[Items listed in a dataset]
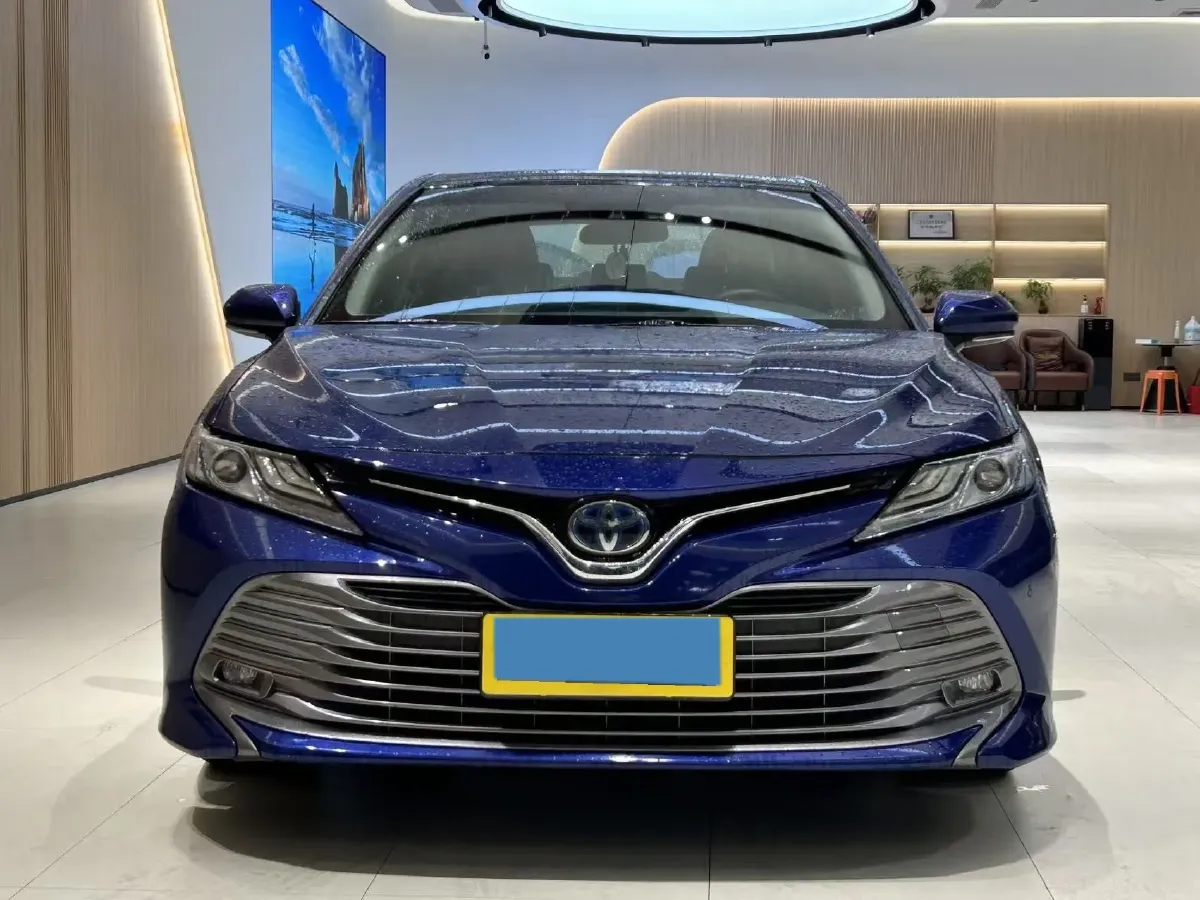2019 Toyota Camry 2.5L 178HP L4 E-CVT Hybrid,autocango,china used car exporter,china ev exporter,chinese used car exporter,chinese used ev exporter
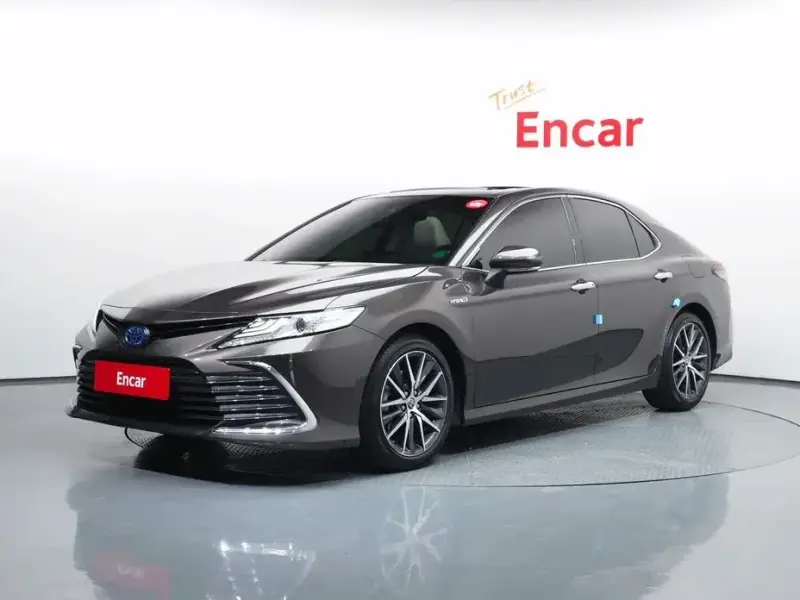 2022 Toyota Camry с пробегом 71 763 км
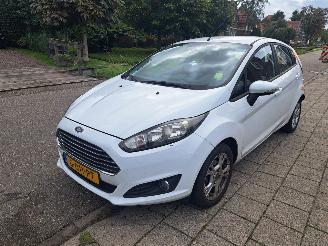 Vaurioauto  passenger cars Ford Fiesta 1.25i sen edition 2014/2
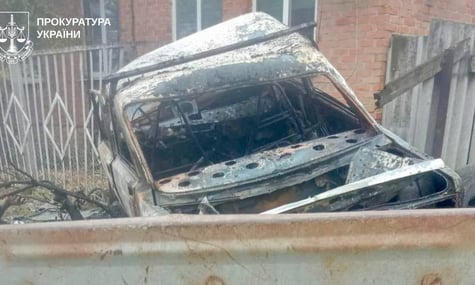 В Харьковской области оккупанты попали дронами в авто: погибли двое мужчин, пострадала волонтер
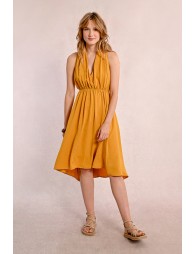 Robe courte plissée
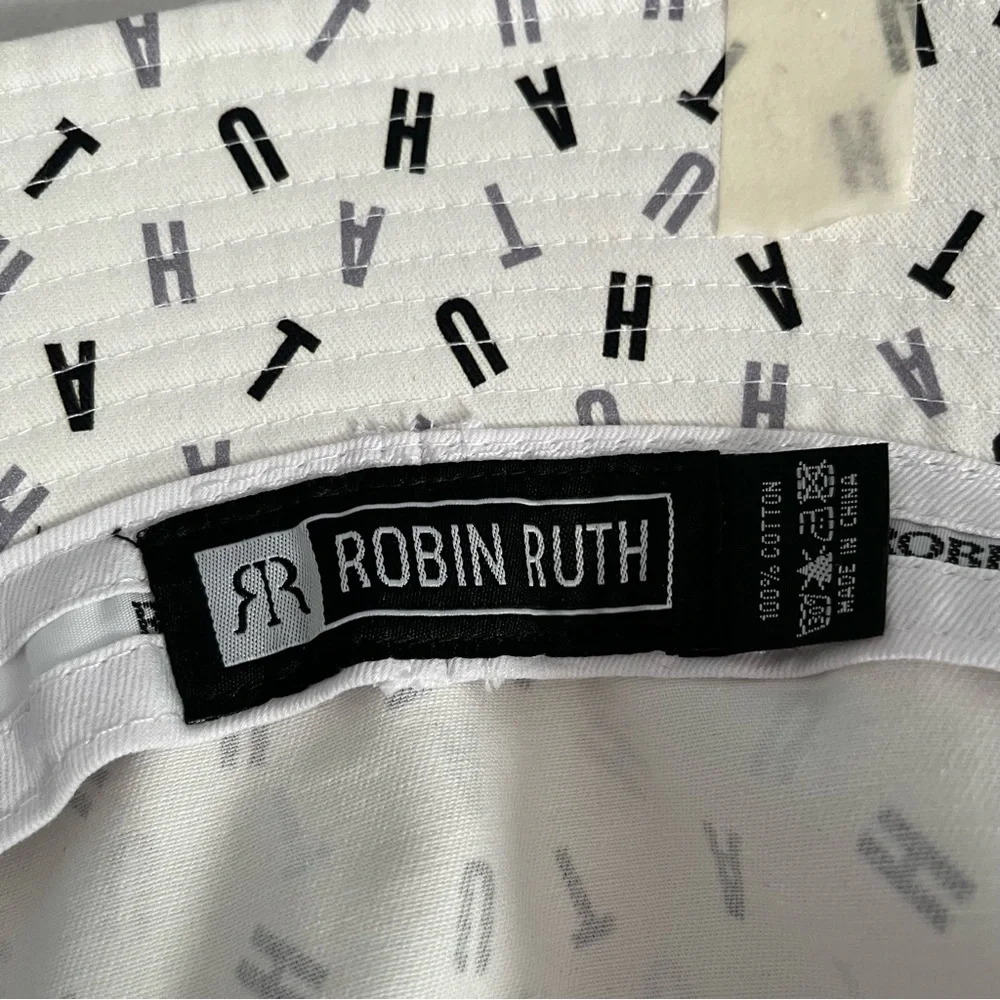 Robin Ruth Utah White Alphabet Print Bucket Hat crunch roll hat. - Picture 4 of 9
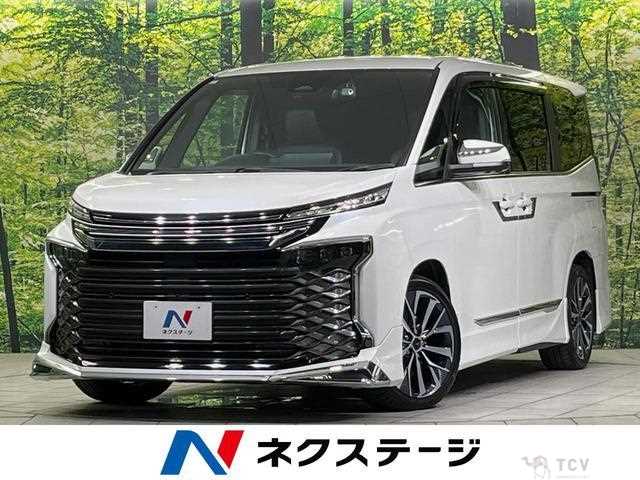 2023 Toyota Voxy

== REQUIRED ACTION ==
Omit the pictures; restate every entry word for word.

== RESULT BELOW ==
2019 Toyota Camry 2.5L 178HP L4 E-CVT Hybrid,autocango,china used car exporter,china ev exporter,chinese used car exporter,chinese used ev exporter
 2022 Toyota Camry с пробегом 71 763 км
 Vaurioauto  passenger cars Ford Fiesta 1.25i sen edition 2014/2
 В Харьковской области оккупанты попали дронами в авто: погибли двое мужчин, пострадала волонтер
 Robe courte plissée
 Robin Ruth Utah White Alphabet Print Bucket Hat crunch roll hat. - Picture 4 of 9
 2023 Toyota Voxy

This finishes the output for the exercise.